Other Road Safety Funding Opportunities

Insurance Corporation of British Columbia

  • The Road Improvement Program works with various provincial road authorities, including First Nations, to help fund and implement roadway infrastructure projects that are aimed to make roadways safer for drivers, cyclists, and pedestrians.
  • The Community Grants Program helps make a difference in the lives of British Columbians by supporting the road safety and injury recovery initiatives of community organizations. This call for proposals closes Feb 15, 2022.

Ministry of Transportation and Infrastructure 

  • The Transit Minor Betterments Program is improving how British Columbians get around in a major way. Ministry staff partner with local governments, BC Transit, and TransLink to identify and deliver projects. The contact for this program is Linda Harmon.
  • The Active Transportation Infrastructure Grant Program cost shares investments in active transportation with Indigenous and local governments. The program provides grants for infrastructure or network planning and promotes the development of a safe, efficient and integrated multi-modal transportation system in communities. To support communities in their active transportation infrastructure planning, the Province of BC has developed an Active Transportation Design Guide.

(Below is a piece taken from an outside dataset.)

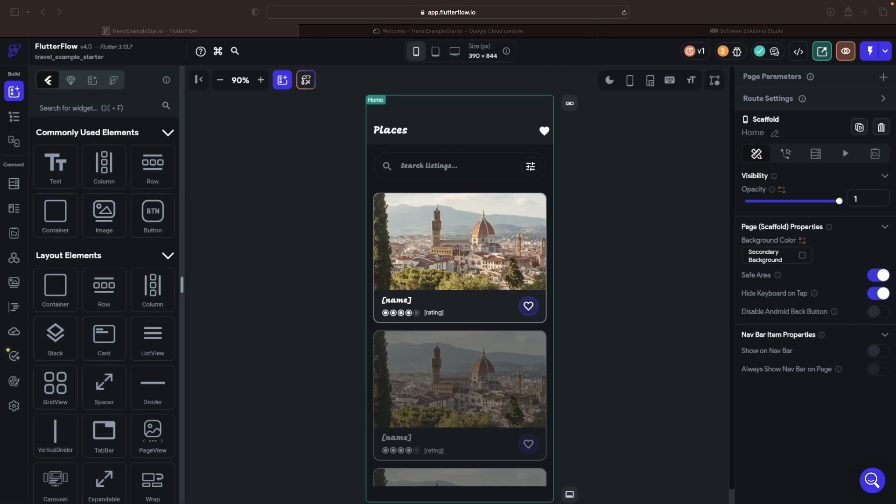Hello there. Today we're progressing with our exciting multi-part series on constructing AI-powered applications using Flutter Flow, Firebase, and Google AI.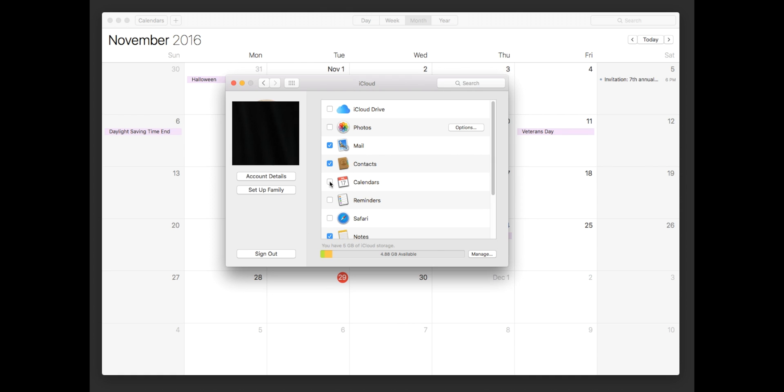The problem with this is we're not going to be able to sync our calendars between our iPhone and Mac anymore. So I'm going to turn that back on because I know that's a little impractical for some of you guys.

Union of BC Municipalities

  • The Active Transportation Planning Grant is funded by the Province of BC and delivered through the Union of BC Municipalities and enables local governments to receive funding to incorporate or strengthen active transportation components of their community development plans.

Government of Canada

  • The $2.75 billion Zero Emission Transit Fund is now accepting applications under the Planning and Capital streams. Eligible applicants can seek funding to help cover planning and capital costs related to shifting public transit systems to cleaner electrical power, including the purchase of zero-emission buses and related infrastructure. This Fund is closely coordinated with the Canada Infrastructure Bank’s commitment to invest $1.5 billion in zero emission buses as part of its three-year Growth Plan.
  • The $400 million Active Transportation Fund is now accepting applications from eligible applicants who wish to help build new and expanded networks of pathways, bike lanes, trails, and pedestrian bridges. Funding is available for planning projects as well as capital projects.
  • The $250 million Rural Transit Solutions Fund is now accepting applications under the Capital Projects stream. Eligible applicants can seek funding contributions to help cover capital costs such as the purchase of vehicles or digital platforms, as well as to support zero-emission transit solutions such as the purchase of zero-emission vehicles. The Rural Transit Solutions Fund is the first federal fund to target the development of transit solutions in rural, remote, and Indigenous communities.